◆ **Your objective**
Please repeat the records beneath this task exactly as they appear, but skip the images.

◆ **Material provided**

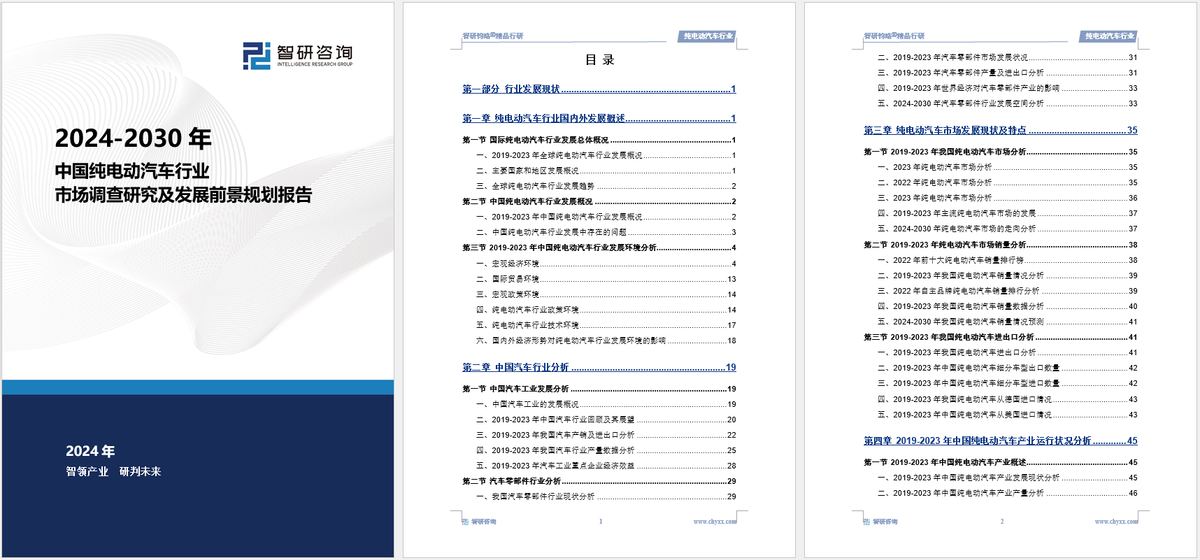 电动汽车分析市场调研_电动汽车市场分析_电动汽车的市场分析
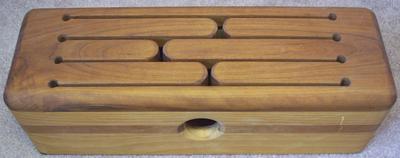 Log Drum, Medium Range Log Drum, Medium Range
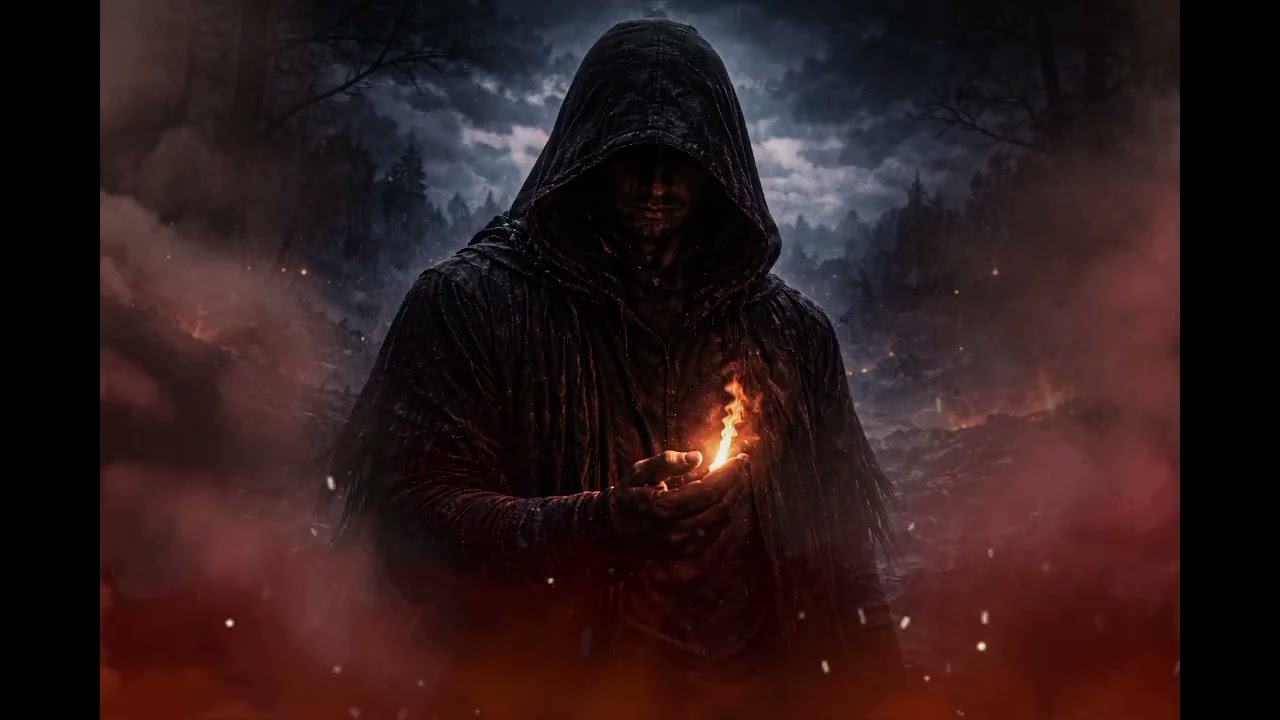 A Chama Mudou de Som | Trap Melódico Sombrio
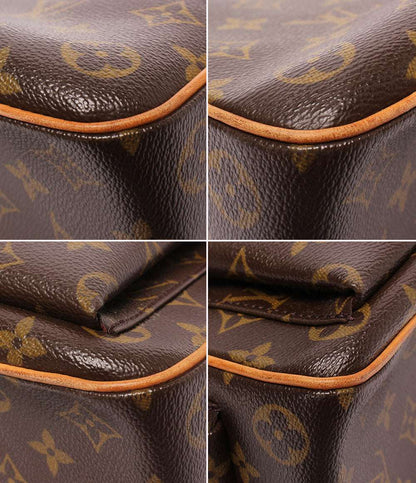 LOUIS VUITTON ショルダーバッグ 肩掛け ミュルティプリ シテ モノグラム M51162 レディース ルイ・ヴィトン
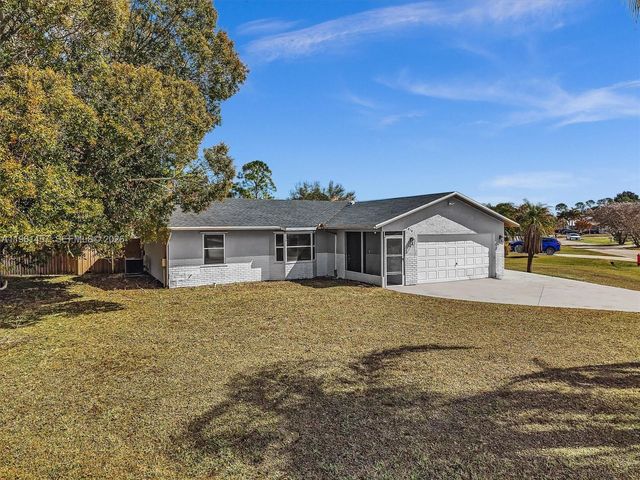 1819 SE Joy Haven St, Port St. Lucie, FL 34983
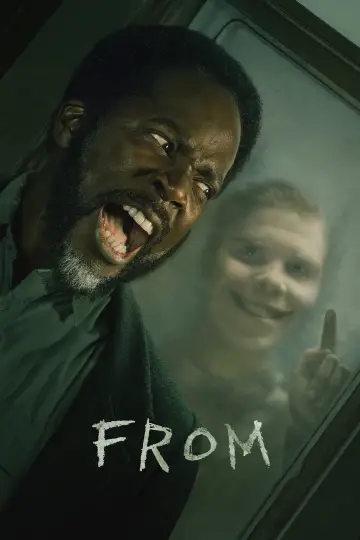 Poster for the TV series "FROM" #1240809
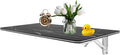 31.5in×15.75in Wall Mounted Folding Table, Wall Mount Fold Down Table, Hanging by ILWorkTLs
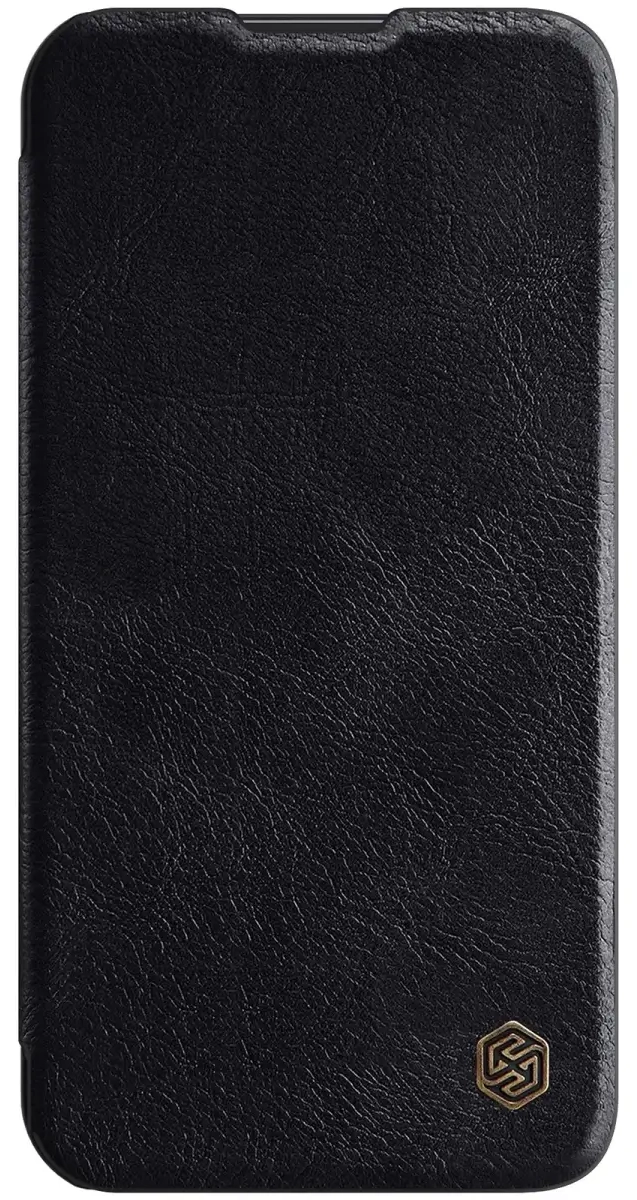 Nillkin Qin Book PRO Case for Apple iPhone 14 Plus Black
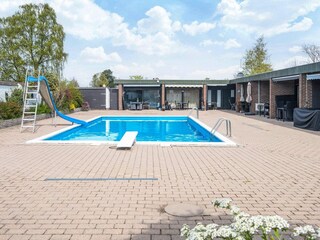 Vakantiehuis Fjellerup Strand  8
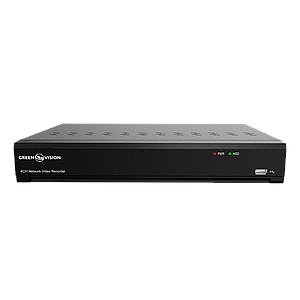 Відеореєстратор NVR GV-N-I015/04 8MP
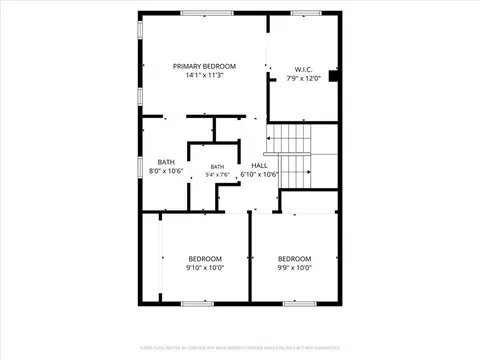 Floorplan - 627 Nicklaus St, Paso Robles, CA 93446 photo 2 of 3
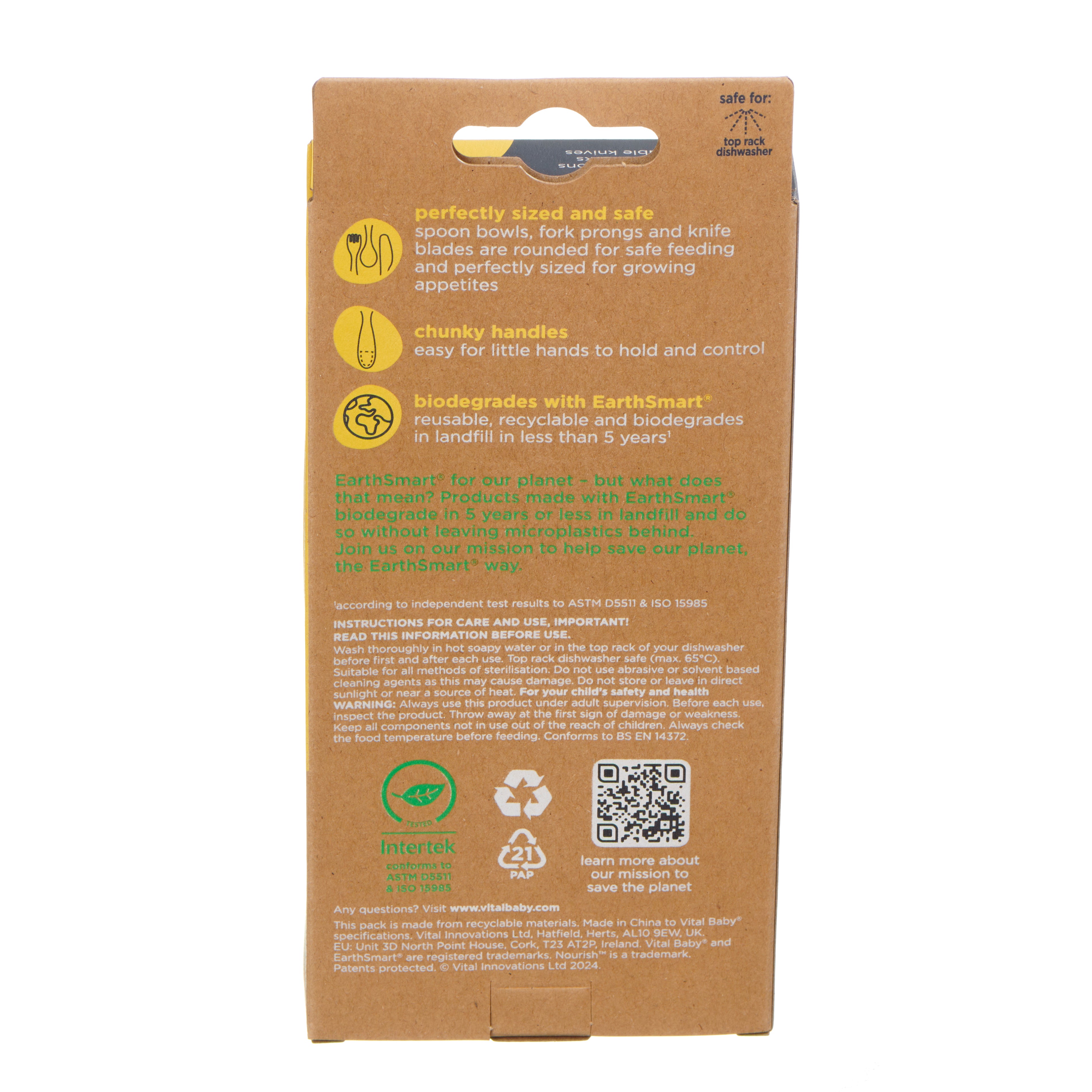 perfectly simple cutlery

◆ **Exercise solution**
 电动汽车分析市场调研_电动汽车市场分析_电动汽车的市场分析
 Log Drum, Medium Range Log Drum, Medium Range
 A Chama Mudou de Som | Trap Melódico Sombrio
 LOUIS VUITTON ショルダーバッグ 肩掛け ミュルティプリ シテ モノグラム M51162 レディース ルイ・ヴィトン
 1819 SE Joy Haven St, Port St. Lucie, FL 34983
 Poster for the TV series "FROM" #1240809
 31.5in×15.75in Wall Mounted Folding Table, Wall Mount Fold Down Table, Hanging by ILWorkTLs
 Nillkin Qin Book PRO Case for Apple iPhone 14 Plus Black
 Vakantiehuis Fjellerup Strand  8
 Відеореєстратор NVR GV-N-I015/04 8MP
 Floorplan - 627 Nicklaus St, Paso Robles, CA 93446 photo 2 of 3
 perfectly simple cutlery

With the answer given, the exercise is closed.